======== Available records

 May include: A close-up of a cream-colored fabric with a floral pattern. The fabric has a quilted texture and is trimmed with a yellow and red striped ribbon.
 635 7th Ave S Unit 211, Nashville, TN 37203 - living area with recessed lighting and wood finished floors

================
======== Available records

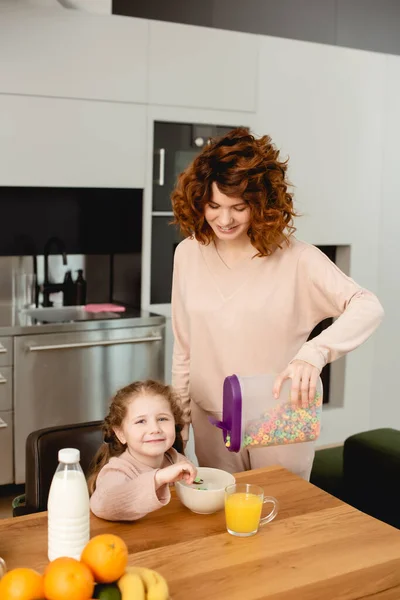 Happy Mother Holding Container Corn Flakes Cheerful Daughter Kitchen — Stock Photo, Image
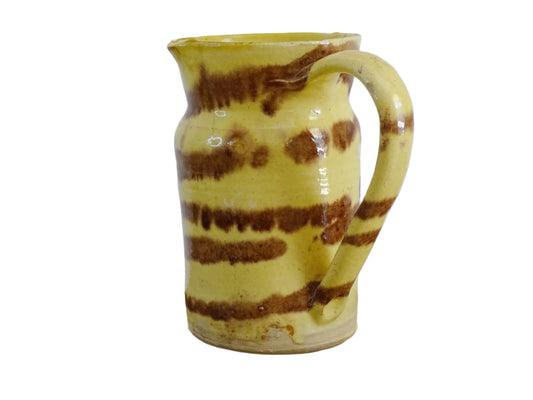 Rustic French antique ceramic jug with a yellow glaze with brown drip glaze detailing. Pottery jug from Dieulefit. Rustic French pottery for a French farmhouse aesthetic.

================
======== Available records

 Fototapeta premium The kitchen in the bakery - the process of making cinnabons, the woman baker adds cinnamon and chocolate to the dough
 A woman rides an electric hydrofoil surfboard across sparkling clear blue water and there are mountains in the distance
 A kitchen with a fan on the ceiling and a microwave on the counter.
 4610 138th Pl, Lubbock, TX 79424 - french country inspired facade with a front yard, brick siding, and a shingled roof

================

→ **How to complete this task**:
Starting at the line above that holds "Fototapeta premium The" and ending at the line that holds "4610 138th Pl, Lubbock, TX", transcribe each line exactly and include no other lines.

→ **Exercise answer**:
 Fototapeta premium The kitchen in the bakery - the process of making cinnabons, the woman baker adds cinnamon and chocolate to the dough
 A woman rides an electric hydrofoil surfboard across sparkling clear blue water and there are mountains in the distance
 A kitchen with a fan on the ceiling and a microwave on the counter.
 4610 138th Pl, Lubbock, TX 79424 - french country inspired facade with a front yard, brick siding, and a shingled roof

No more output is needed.